The appraisal industry is changing…. again. Since the mortgage meltdown we’ve seen knee jerk legislation like HVCC and the massively opaque Dodd-Frank bill.
Just like the S&L crisis which brought us appraiser licensing and the USPAP, appraisers seem to always end up being on the wrong side of these issues.
As we know the biggest mortgage investor since the meltdown has been Fannie Mae. And since she and brother Freddie built UMDP with the MISMO platform we’ve seen some of these changes first hand. Categorical condition ratings, standardized language… round pegs in round holes effectively commoditizing and homogenizing real estate. Everything now is the same and if you waver from that you better write a novel why.
Last year Fannie made it well known that they were using their now massive database, thanks to UMDP and MISMO, to check comps. Then it was condition ratings… don’t waver from one report to the other or you might get an email.

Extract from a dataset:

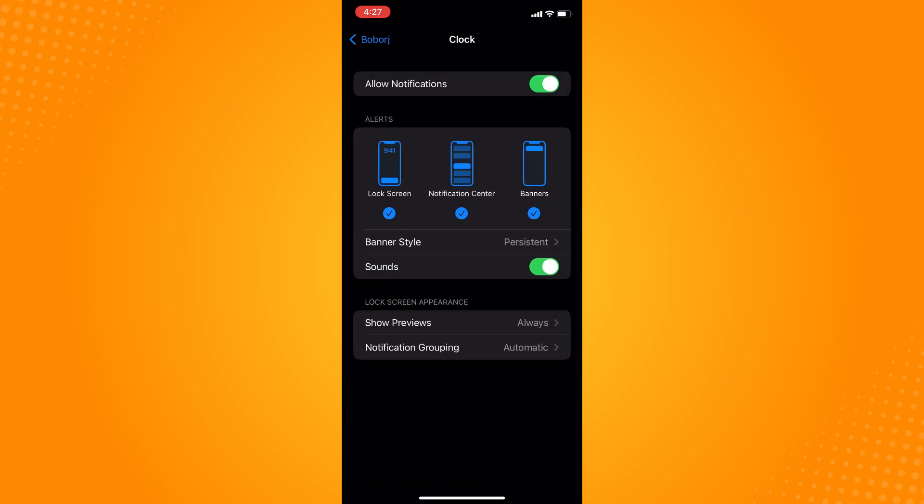Tap on Shortcuts and turn off Allow Notifications directly. That is how you remove shortcut notifications on iPhone.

This year they clearly stated that adjustments were now in their sights so you better have something to back up those adjustments and not just a 20 year old spreadsheet of component adjustments. Last week came the mother lode of potentially bad news for appraisers. Fannie is now giving access to their internal review tool called Collateral Underwriter to anyone who sells to them including AMC’s. This all gets turned on in January 2015. Now more scrutiny on the back end of the workflow. Submit your appraisals and cross your fingers and toes you don’t get a revision…. oh and yes, they in fact do have two lists – a “do not use” and “100% audit”. Nobody seems to want to say how you end up on these but they exist and they are active.

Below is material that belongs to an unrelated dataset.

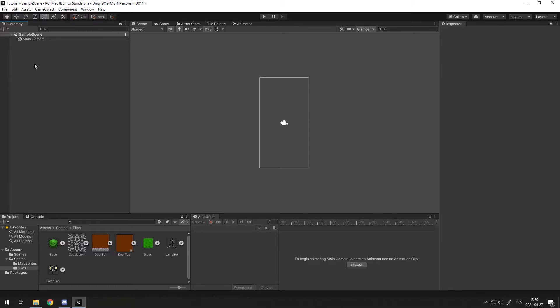The first way to make a 2D map for your game is a tile map. Tile maps are usually used with pixel art because they fit the theme of the squares a little bit better, but technically you can do tile maps with any sort of art.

Careful examination of the Collateral Underwriter platform reveals a couple things. It will thoroughly review your appraisal comparing your appraisal to others, which realistically shouldn’t be a big deal since we have the round peg and round hole system in place. But the significant issue are those pesky adjustments.

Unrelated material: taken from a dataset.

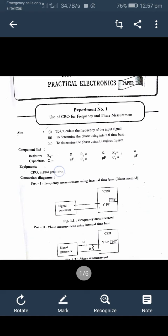In the direct method, the signal generator is directly connected to the CRO input and the waveform is observed on the CRO. The second method is phase measurement using the internal time base. In this method also, the signal generator is connected with the CRO.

Core Logic published an article in October titled “Channeling Deep Blue Versus Garry Kasparov in Home Valuations – It’s time to standardize how real estate appraisers make their adjustments.” Uh oh.
This is where the concept of appraiser independence gets blurry. On one end of the field you have an 800 lb gorilla, teamed with the loan originator getting assistance with big data analytics to back them up… and on the other end of the field is the appraiser. Guidance? USPAP and often times contradictory Fannie and Underwriting guidance.
Doesn’t seem very fair now does it?
Appraisers need the tools necessary to fight that unfair advantage on the other end of the field and be proactive instead of reactive through no fault of their own.
Big data analytics are available and it’s clearly time to fight fire with fire. Big data is here to stay and it’s become obvious that Fannie embraces it so let’s embrace it right back.